The profit and loss account (P & L), called the income statement in the US, shows the profit or loss a company has made over a period of time. The ratios investors look at most often, such as the PE and yield, are calculated using numbers from the P & L.

In a simple case the profit or loss equals the increase or decrease in the company's assets as shown on the balance sheet. This is rarely exactly true and the statement of total recognised gains and losses reconciles the P &L to the changes in equity shown on the balance sheet

The P & L can be misleading and there are a number of accounting techniques that can shift losses (or gains, although that is rarer) from the P & L to the balance sheet. The P & L should be looked at in conjunction with the notes, the cash flow statement (which is harder to manipulate) and the other accounting statements.

The shortest possible P & L would be: sales less costs = total profit.

In accordance with the accrual principle, costs and revenues are matched so that, for example, sales and purchases made on credit during a year, but perhaps not yet paid for, will be included in the P & L for the year.

The profit and loss account is structured to provide a reasonably concise breakdown of costs and, to a lesser extent, revenues. This leads to the general form of a P & L that looks something like this:

Sales Also called revenues. Not always synonymous with turnover. Revenue recognition is not always simple.
Cost of sales The direct costs of things sold
Gross profit Sales minus cost of sales
Other operating expenses Depreciation, admin, marketing etc.
Operating profit Gross profit less other expenses
Interest costs Interest payable less receivable
Pre-tax profit Operating profit less interest
Profit after tax Pre tax profit less tax
Retained profit Profit after tax less dividends
Earnings per share  

The most detailed profit and loss account is given in the annual report, but UK listed companies are required to make annual and half year results announcements as well. The full year results announcement is shorter and covers the same period as the annual report, but it is released earlier.

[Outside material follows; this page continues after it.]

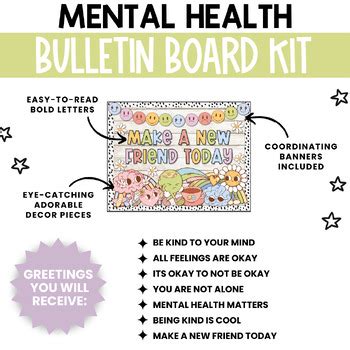 Mental Health Awareness Bulletin Board Kit Kindness Bulletin Board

Many companies make quarterly announcements, as companies in the US and many other countries are required to. Unsurprisingly, UK listed companies that also have a secondary or dual listing in a country that requires quarterly announcements.

As can be seen, the P & L contains several profit numbers. Each of these gives us different, and useful, information. In addition, the P & L (perhaps together with other information) usually gives us enough information to calculate several other profit numbers such as EBITDA and EBITA

Many companies will show exceptionals separately. If there were any discontinued business, or plans to dispose of a business within a short period, these are also shown separately.

These can give investors a better idea of the underlying business (the justification for doing it). For example, if the company has decided to sell a particular operation and the price has been agreed, shareholders do not really need to worry too much about that operation's performance.

A group P & L will need to be consolidated, which requires extra lines such as those for share or profit in associates and joint ventures, and the deduction of minority interests.

As well as the valuation ratios, the P & L provides the numbers for measures of the performance and efficiency of the business, such as margins, ROCE, and some measures of financial stability such as interest cover.

The P & L is backward looking and investors will need to consider correcting some items such as amortisation that are not useful for modelling future cash flows. From an investor's point of view the P & L is essential, but can be misleading and should not be looked at in isolation.